So I cannot participate in the political world anymore. I have cut myself off. I am trying to make do. The day it hit me, I drove home, crashed to my bed and did not get up for 32 hours.

I realize I am suffering from Trump Trauma. He represents the worst of things that have traumatized my body and my life. Things that have made living sometimes feel like an unbearable task. He and so many Trumps beat and brutalized my young body to the point that every single waking day of my life I battle the scars they left on me, and I have to struggle just to find worth within myself to get out of bed because they made me believe I was so worthless. They made me feel so humiliated and dehumanized that I left my body and didn’t occupy it for decades.

Well I occupy it now, and neither my body nor my soul can endure being reminded of what Trumps did to me and so many other innocent lost young girls. The very thought that this man could be president of the United States is living proof that capital and power have always come first in this country, especially for white men.

I don’t matter to him. If he looked at me, he would see an ugly, worn out, aged and overwrought 54 year old woman struggling every day to survive the legacy of Trump Trauma on my body. A woman who has to face her trauma as it leers out of the political apparatus. A face that says, “You thought you escaped. There is no escape. This is and always has been how it is. So shut your trap.”
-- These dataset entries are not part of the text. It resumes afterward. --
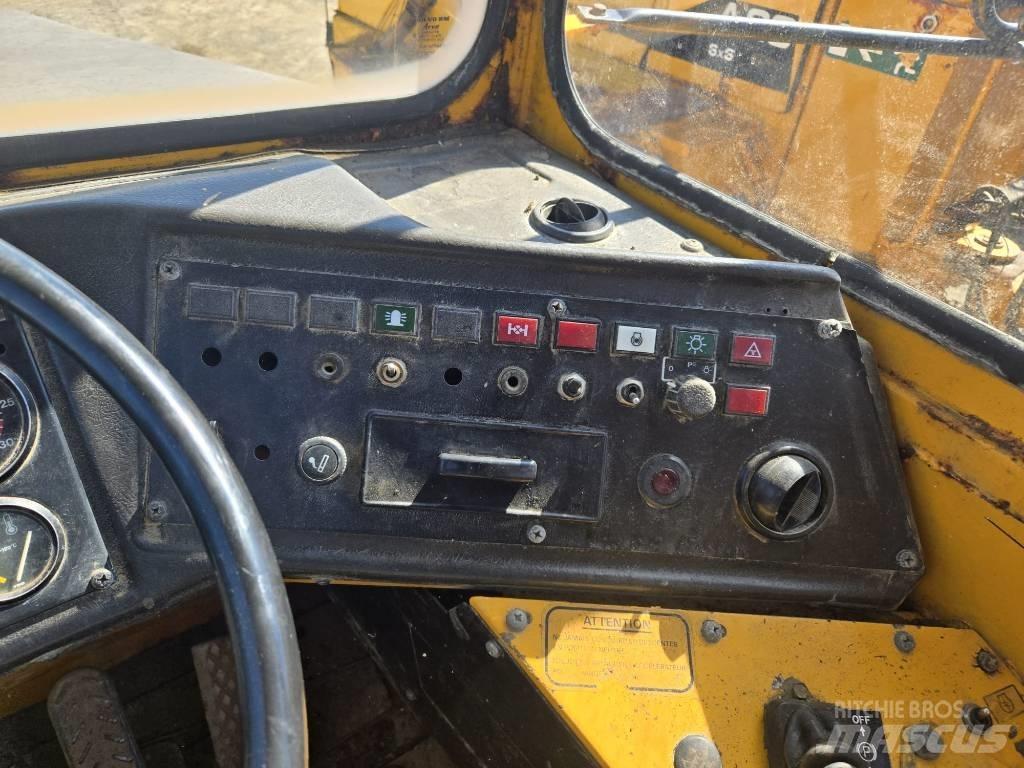 Volvo BM A 25 연결식 홀러
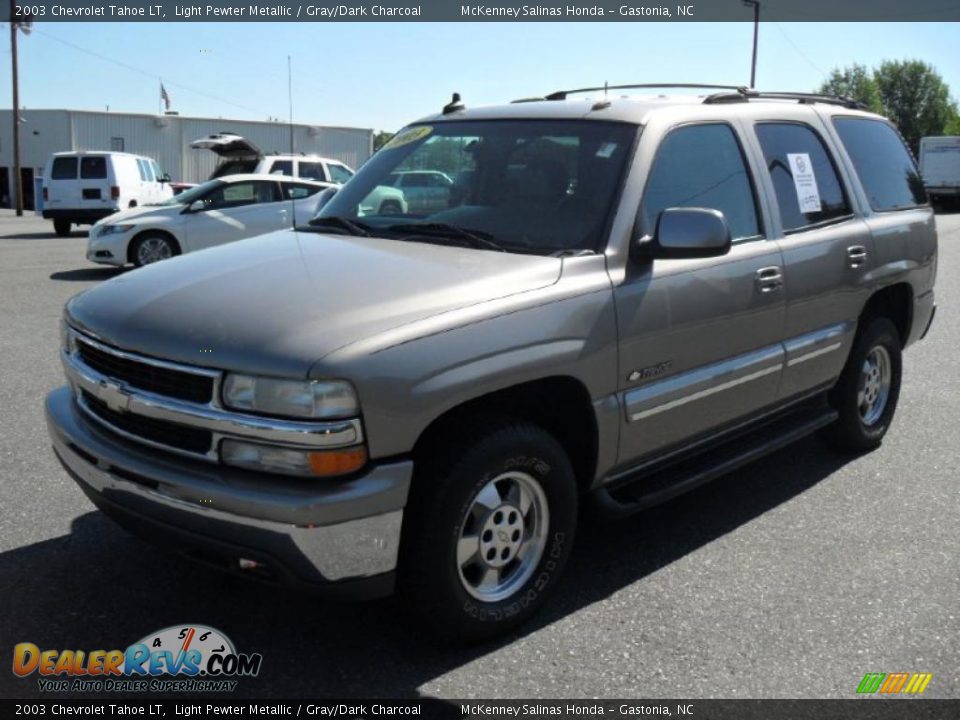 2003 Chevrolet Tahoe LT Light Pewter Metallic / Gray/Dark Charcoal Photo #1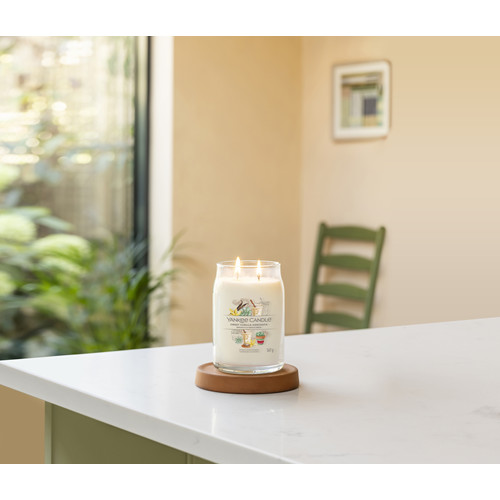 Yankee Candle® Sweet Vanilla Horchata Signature nagy üveggyertya 567 g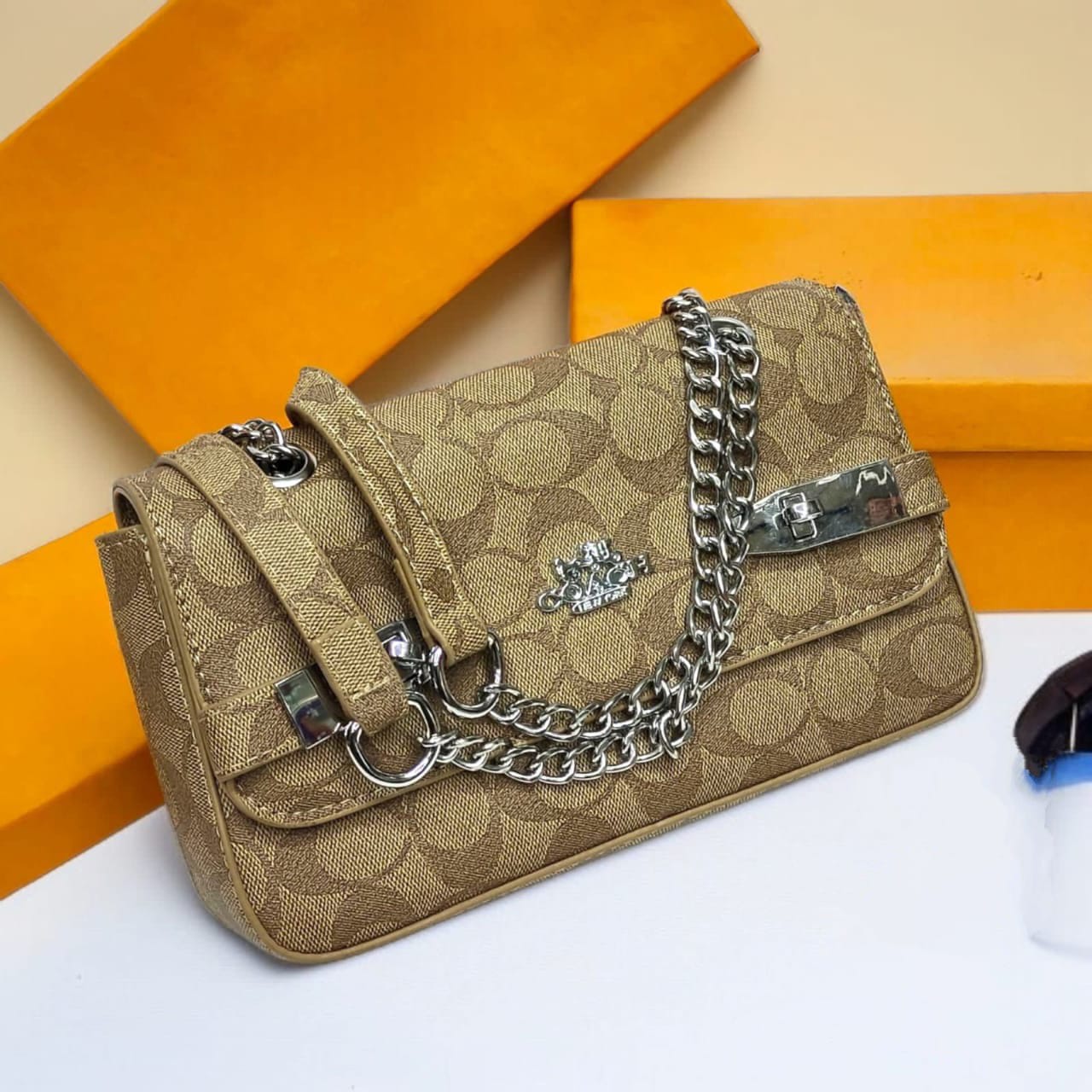 Cross body bag
Coach Cross body
Imported cross body
Patel Fashion 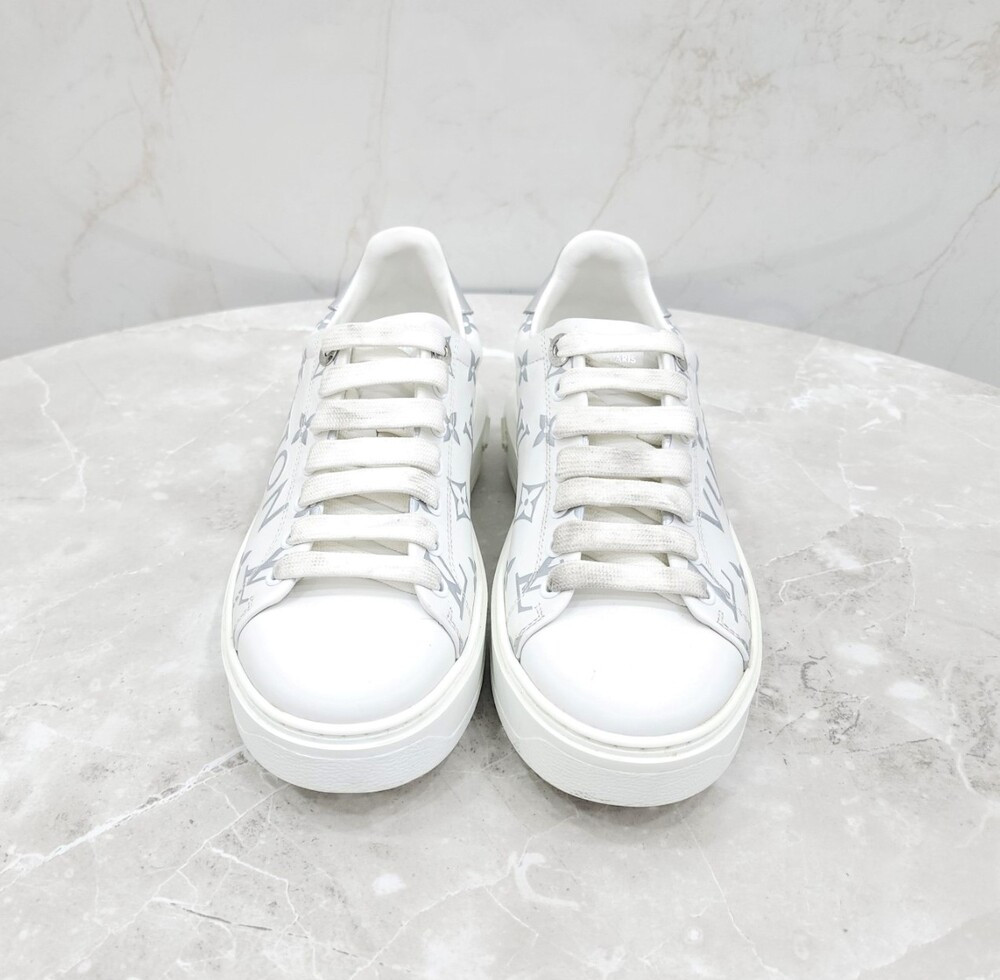 [럭스유] 35.5 / 루이비통 LV 실버 모노그램 타임아웃 스니커즈 1A8TAM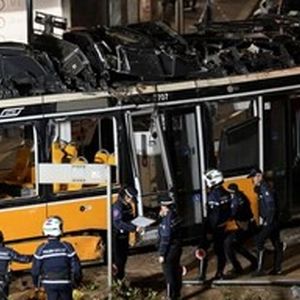 خروج مرگبار تراموا از ریل در میلان/ ویدئو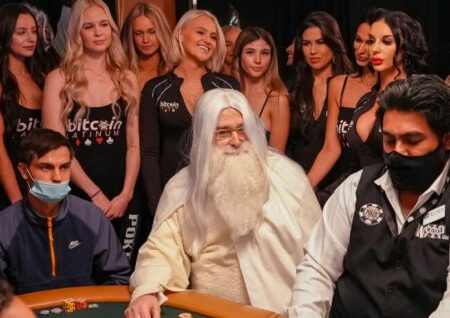 Phil Hellmuth se je na letošnjem WSOP Main Eventu pojavil kot Gandalf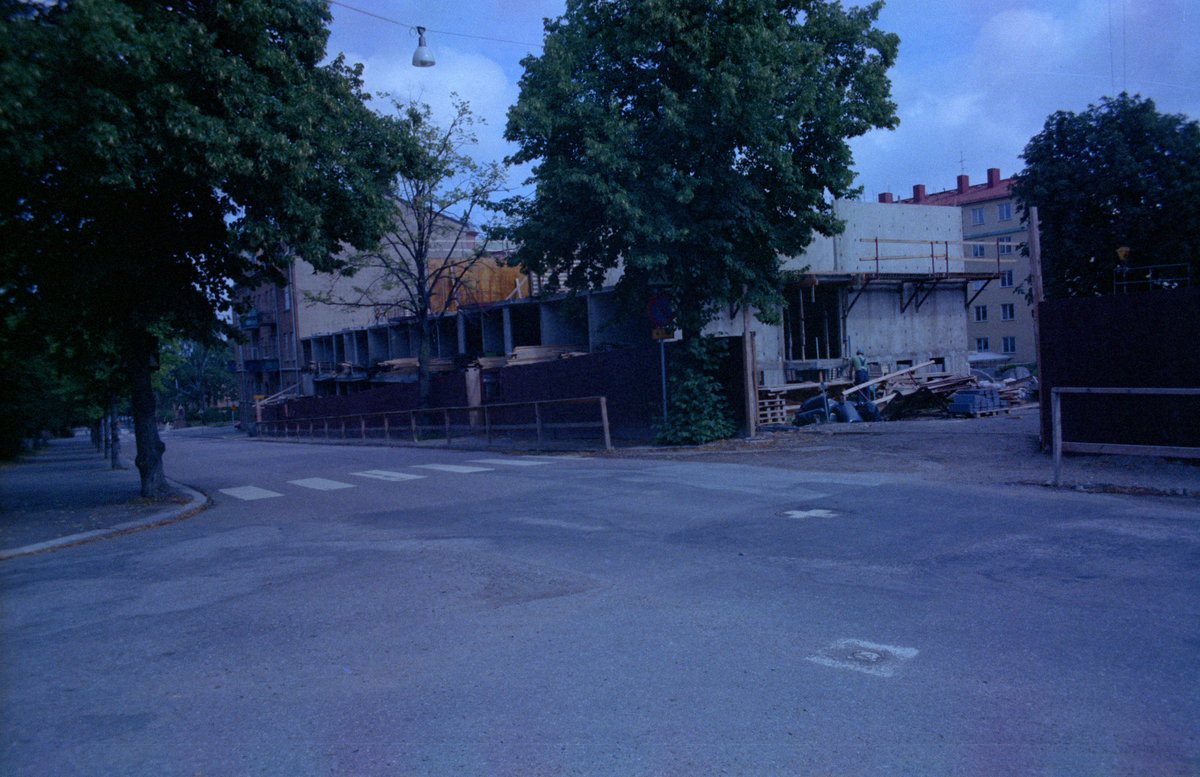 Kvarteret Kalla mot Kristinagatan 21 i Västerås. Bilderna är tagna i samband med uppförandet 1972-1973 av byggnadsfirman Anders Diös AB.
But I’m not shutting my trap. I am writing these words because I have a perspective on Donald Trump that not many have lived to share. I have survived the unbearable acts of Trumps against women, and I am going to continue to survive.

These are words of truth. I now will wade through the sludge that is weighing me down, and say FUCK YOU EVERY GODDAMN DONALD TRUMP. May you endure the hells you unleashed upon lost girls and women you have hurt. May you be humiliated and defiled until you lose your sense of humanity and worth. May your towers of power tumble and crush you, bury your fists of cash and your wagging dicks and tongues. May you rot in your own legacy because I’m not going to let the legacy you left on me kill me. I refuse. I will overcome. Even if it is just in my own quiet revolution of survival.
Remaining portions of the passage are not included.